A year ago at CES, Faraday Future was lambasted for making huge promises and then delivering a halting, awkward presentation of a supercar-like concept that was never meant for production. This year the presentation was still halting and awkward at times, and after months of promising a real, production car at CES, FF brought us just elements and shades of one.
They came close, but they’re not there yet.
If nothing else the FF 91 is probably an accurate and compelling preview of things to come in the automotive industry, whether driving enthusiasts like it or not.
Unbound by the need for an internal combustion engine, it’s a big, streamlined, minivan-like vehicle to maximize space. It’s electric and autonomous, with the intended ability to park itself, which we saw demonstrated both successfully and unsuccessfully. It includes tech to customize the driving and riding experience to each user’s preferences, and integrates with your phone in ways that will make them feel one and the same with each other.
And it’s fast, too, with a zero to 60 mph time of just 2.4 seconds, although one has to wonder what’s the point of an obscenely fast car that’s mostly meant to be ridden in and not driven.
At the same time, all we saw on stage tonight were things we’ve seen before on some level. Tesla has redefined how fast electric cars can be. Bigger and denser batteries seem to come out all the time. Everyone’s getting into the big, sleek minivan game. The personalized tech isn’t too far off from what we have now. And an autonomous Audi A7 parked itself four years ago—a BMW 7 Series will do so right now, though not quite as energetically. What FF seemed to show off was just bigger, and yet somehow supposedly better, and in one place.

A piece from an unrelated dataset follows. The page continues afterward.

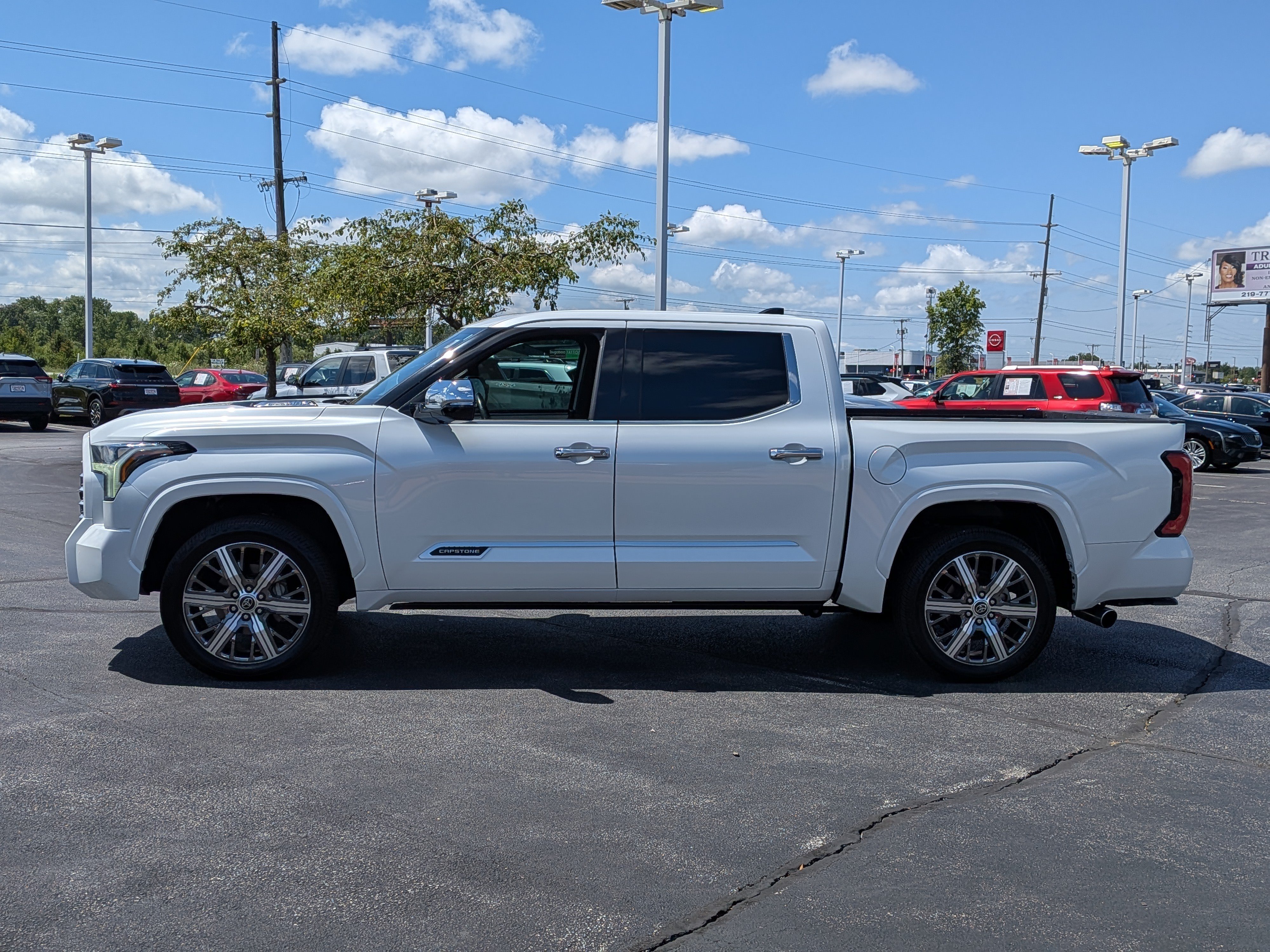 Used 2023 Toyota Tundra Capstone AWD/4WD image 5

FF again was thick on buzzwords too. This time, it was almost hard to keep track of all the ways the company would create “a new species,” bring “Day One of new era of mobility,” show that “the car industry has to be replaced,” and promise an end to traffic and congestion and air pollution. “Multifaceted disruption,” they called it, because we as a society have moved beyond the era where words mean things. FF is going to “re-format the future,” which is disconcerting when you realize that deletes everything, too.
And once more, the company and its car were met with considerable skepticism and snark from the automotive press, which, despite running almost entirely on graft is accustomed to seeing finished, drivable products from companies with vast production and distribution networks. It will take more than parking demos and 0-60 runs to win over those critics, and I suspect a good many members of the car-buying public as well after tonight.
The key thing to remember is that this is a vehicle from a company that does not have a factory at the moment. It’s been sued by its parts suppliers as insiders fear the promised money from China may dry up. In the past few months, it has hemorrhaged executives and engineers. It has no means to actually sell these things, and only vague notions of ride-sharing as a business model. Plus, its exact relationship with its principal backer, “Chinese Netflix” billionaire Jia Yueting, or his own electric autonomous startup car company Le Eco, remains unclear.
This is not to say that newcomer companies should be discouraged from entering the car market, or that there’s no potential to innovate better than established, entrenched players can. This feels like a more legitimate car company than the one we saw last year, but that bar is admittedly low. At CES in 2017, Faraday Future probably hasn’t yet convinced many people yet that it’s for real.
You can put a $5,000 deposit down soon on your Faraday Future car for deliveries it says will begin in 2018. Pricing has not been announced.